▶ **What to produce**
Copy the records out again in full, keeping them identical.

▶ **Input**
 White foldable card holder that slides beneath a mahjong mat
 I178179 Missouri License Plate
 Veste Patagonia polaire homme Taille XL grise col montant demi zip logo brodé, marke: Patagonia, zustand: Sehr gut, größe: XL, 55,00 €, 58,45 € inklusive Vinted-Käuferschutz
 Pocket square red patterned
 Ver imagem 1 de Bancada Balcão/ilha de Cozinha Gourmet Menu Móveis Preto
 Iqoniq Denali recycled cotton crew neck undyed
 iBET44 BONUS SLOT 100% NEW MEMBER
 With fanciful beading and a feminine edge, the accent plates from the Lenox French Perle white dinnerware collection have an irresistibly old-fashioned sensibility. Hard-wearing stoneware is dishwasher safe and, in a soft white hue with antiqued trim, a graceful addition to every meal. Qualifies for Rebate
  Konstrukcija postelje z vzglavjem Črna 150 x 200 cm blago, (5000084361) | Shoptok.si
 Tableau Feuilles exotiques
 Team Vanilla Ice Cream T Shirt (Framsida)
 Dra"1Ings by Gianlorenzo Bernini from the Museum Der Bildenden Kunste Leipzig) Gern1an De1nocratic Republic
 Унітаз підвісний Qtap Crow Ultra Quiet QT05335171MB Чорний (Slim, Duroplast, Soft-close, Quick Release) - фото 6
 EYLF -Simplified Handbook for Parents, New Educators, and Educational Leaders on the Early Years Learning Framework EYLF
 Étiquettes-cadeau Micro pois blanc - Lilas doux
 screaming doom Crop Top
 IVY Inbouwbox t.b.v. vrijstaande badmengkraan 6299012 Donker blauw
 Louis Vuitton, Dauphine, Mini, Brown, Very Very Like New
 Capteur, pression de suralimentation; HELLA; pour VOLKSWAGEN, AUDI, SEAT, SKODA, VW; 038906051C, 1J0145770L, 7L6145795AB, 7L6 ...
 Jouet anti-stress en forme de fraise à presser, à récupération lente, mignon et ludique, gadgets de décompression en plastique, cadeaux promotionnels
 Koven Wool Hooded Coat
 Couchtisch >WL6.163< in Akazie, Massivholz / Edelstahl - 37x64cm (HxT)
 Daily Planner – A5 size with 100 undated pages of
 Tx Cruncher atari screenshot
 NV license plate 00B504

▶ **Solution**
 White foldable card holder that slides beneath a mahjong mat
 I178179 Missouri License Plate
 Veste Patagonia polaire homme Taille XL grise col montant demi zip logo brodé, marke: Patagonia, zustand: Sehr gut, größe: XL, 55,00 €, 58,45 € inklusive Vinted-Käuferschutz
 Pocket square red patterned
 Ver imagem 1 de Bancada Balcão/ilha de Cozinha Gourmet Menu Móveis Preto
 Iqoniq Denali recycled cotton crew neck undyed
 iBET44 BONUS SLOT 100% NEW MEMBER
 With fanciful beading and a feminine edge, the accent plates from the Lenox French Perle white dinnerware collection have an irresistibly old-fashioned sensibility. Hard-wearing stoneware is dishwasher safe and, in a soft white hue with antiqued trim, a graceful addition to every meal. Qualifies for Rebate
  Konstrukcija postelje z vzglavjem Črna 150 x 200 cm blago, (5000084361) | Shoptok.si
 Tableau Feuilles exotiques
 Team Vanilla Ice Cream T Shirt (Framsida)
 Dra"1Ings by Gianlorenzo Bernini from the Museum Der Bildenden Kunste Leipzig) Gern1an De1nocratic Republic
 Унітаз підвісний Qtap Crow Ultra Quiet QT05335171MB Чорний (Slim, Duroplast, Soft-close, Quick Release) - фото 6
 EYLF -Simplified Handbook for Parents, New Educators, and Educational Leaders on the Early Years Learning Framework EYLF
 Étiquettes-cadeau Micro pois blanc - Lilas doux
 screaming doom Crop Top
 IVY Inbouwbox t.b.v. vrijstaande badmengkraan 6299012 Donker blauw
 Louis Vuitton, Dauphine, Mini, Brown, Very Very Like New
 Capteur, pression de suralimentation; HELLA; pour VOLKSWAGEN, AUDI, SEAT, SKODA, VW; 038906051C, 1J0145770L, 7L6145795AB, 7L6 ...
 Jouet anti-stress en forme de fraise à presser, à récupération lente, mignon et ludique, gadgets de décompression en plastique, cadeaux promotionnels
 Koven Wool Hooded Coat
 Couchtisch >WL6.163< in Akazie, Massivholz / Edelstahl - 37x64cm (HxT)
 Daily Planner – A5 size with 100 undated pages of
 Tx Cruncher atari screenshot
 NV license plate 00B504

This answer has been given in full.